Appeal from certification order in bread price-fixing class action quashed

Certification order is procedural, does not decide merits: Ontario Court of Appeal

Appeal from certification order in bread price-fixing class action quashed

The Ontario Court of Appeal recently said that it lacked the jurisdiction to hear an appeal from a certification decision since it was a procedural order describing the constitution of the class for the purposes of a certified class proceeding.

The plaintiffs filed a motion under s. 2(1) of Ontario’s Class Proceedings Act, 1992 (CPA). The motion sought an order under s. 5 of the CPA to certify a class proceeding alleging a widespread price-fixing conspiracy by various producers and retailers of manufactured packaged bread.

Justice Edward Morgan of the Ontario Superior Court of Justice certified the proceeding against most of the named defendants. He identified common issues relating to the plaintiff’s various claims and defined the class as all non-excluded Canadian residents who directly or indirectly bought packaged bread from a defendant retailer within the class period.

The plaintiffs wanted to appeal the motion judge’s definition of the class for the class action’s purposes. The proposed appeal argued that the class definition was inconsistent with the judge’s earlier reasons and was legally wrong, given the plaintiffs’ evidence.
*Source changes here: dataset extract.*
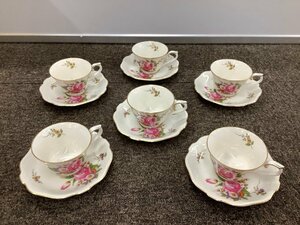 ノリタケ スタジオコレクション Noritake Studio Collection　カップ＆ソーサー 6客セット 薔薇　箱なし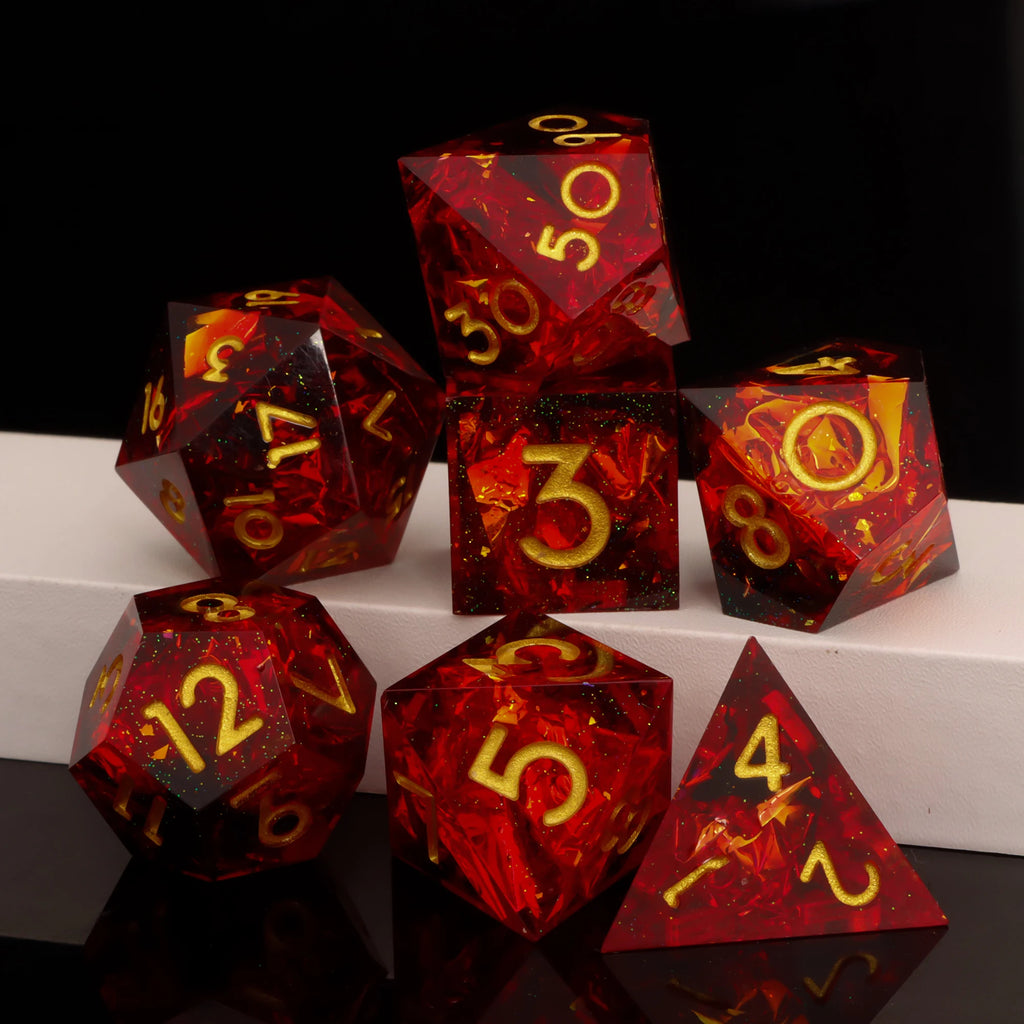 Shadewarden – Liquid‑Core 7‑Piece Dice Set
The moving parties, who were some of the defendants in the underlying action, moved to quash the plaintiffs’ appeal of the certification order. They contended that the appellate court lacked the jurisdiction to hear the appeal.

Certification order not final

In David v. Loblaw Companies Limited, 2022 ONCA 833, the Ontario Court of Appeal quashed the appeal.

First, the appellate court ruled that the CPA’s appeal provisions governed. The certification order was not a final order since it did not expressly or impliedly decide the claims’ ultimate merits, the court said.

The motion judge never suggested that he was dismissing any part of the potential plaintiffs’ claims, the Court of Appeal noted. Instead, he defined the class to reflect his understanding of the nature and scope of the plaintiffs’ allegations, the court said.

Counsel for Canada Bread Company, Limited, one of the defendants, stated that the company was not arguing that res judicata or abuse of process should bar anyone excluded from the defined class from raising their claims in a proceeding that described the conspiracy’s nature and scope as including the excluded persons.

Second, the Court of Appeal held that the appeal provisions as they existed before the CPA’s 2020 amendments, including the former s. 30(2) of the CPA, were applicable to the appeal.

The transitional provision in s. 39(1) clearly showed that the Legislature drew a line between class proceedings brought before the effectivity of the 2020 amendments and proceedings initiated after that date, the appellate court said. The language in s. 39(1) did not suggest that the section was inapplicable to the CPA’s provisions governing rights of appeal, the court added.

Thus, an appeal from the certification order lay to the Divisional Court with leave from a Superior Court judge, the Court of Appeal concluded.